United States Court of Appeals, Sixth Circuit
Sep 20, 2002
304 F.3d 616 (6th Cir. 2002)

Summary

affirming dismissal of the action where the plaintiff tribe owned land in the state, but those lands were not Indian lands, as defined by the IGRA

Summary of this case from Mechoopda Indian Tribe of Chico Rancheria v. Schwarzenegger

Opinion

No. 01-1624.

Argued August 8, 2002.

Decided and Filed September 20, 2002.

Appeal from the United States District Court for the Western District of Michigan, Robert Holmes Bell, C.J.

Conly J. Schulte (argued and briefed), Monteau, Peebles Evans, Omaha, NE, for Appellant.

Keith D. Roberts (argued and briefed), Office of the Attorney General of Michigan, Lansing, MI, for Appellee.

Before: MERRITT and DAUGHTREY, Circuit Judges; WEBER, District Judge.

The Honorable Herman Weber, United States District Judge for the Southern District of Ohio, sitting by designation.


OPINION


This is an Indian gambling case in which the Plaintiff, Match-E-Be-Nash-She-Wish Band of Pottawatomi Indians (the "Tribe"), seeks to force the State of Michigan into negotiations for a casino pursuant to the Indian Gaming Regulatory Act (the "Act"), 25 U.S.C. § 2710(d).

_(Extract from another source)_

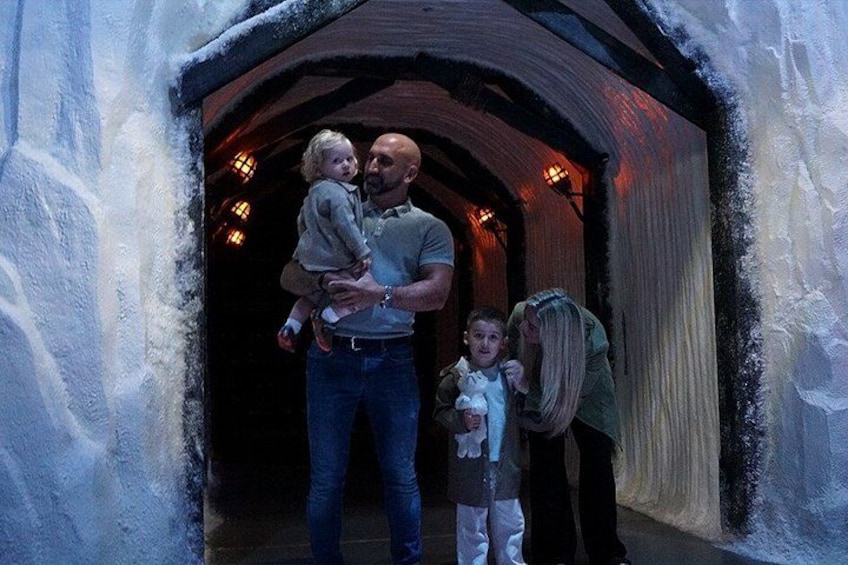 A tunnel with snow on the walls and a person holding a child. 2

Because the Tribe has failed to satisfy the statutory prerequisite of owning Indian lands, see 25 U.S.C. § 2710(d)(3)(A), we hold that it is not entitled to relief under the Act. Accordingly, we AFFIRM the district court's grant of the State's motion to dismiss.

I. Statutory Framework

The Indian Gaming Regulatory Act establishes the framework by which a federally recognized tribe can require a State to enter into negotiations concerning the establishment of a casino. Under the Act, a federally recognized tribe initiates the process by making a formal request to enter into negotiations with the State. If the parties do not reach an agreement within 180 days after the request is made, or if the state fails to bargain in good faith, the tribe may invoke federal court jurisdiction to compel the State to negotiate in good faith. Under the Act, the federal court may order the state to conclude the contract within 60 days. If after that time a compact has not been concluded, the Act allows the Secretary of the Interior to authorize the operation of a casino apart from state authority. If the state asserts Eleventh Amendment immunity in the tribe's suit to compel negotiation, the tribe may go directly to the Secretary of the Interior, pursuant to 25 U.S.C. § 2710(d)(7)(B)(vii). See Seminole Tribe of Florida v. Florida, 11 F.3d 1016, 1029 (11th Cir. 1994), aff'd, 517 U.S. 44, 116 S.Ct. 1114, 134 L.Ed.2d 252 (1996).

In addition, the Act defines the jurisdiction of the federal courts to hear such claims. Section 2710(d)(7)(A) of the Act limits federal court jurisdiction as follows:

(A) The United States district courts shall have jurisdiction over —

(i) any cause of action initiated by an Indian tribe arising from the failure of a State to enter into negotiations with the Indian tribe for the purpose of entering into a Tribal State compact under paragraph (3) [§ 2710(d)(3)(A)] or to conduct such negotiations in good faith.

The applicable part of § 2710(d)(3)(A) further provides:

Any Indian tribe having jurisdiction over the Indian lands upon which a class III gaming activity is being conducted, or is to be conducted, shall request the State in which such lands are located to enter into negotiations for the purpose of entering into a Tribal State compact governing the conduct of gaming activities. Upon receiving such a request, the State shall negotiate with the Indian tribe in good faith to enter into such a compact.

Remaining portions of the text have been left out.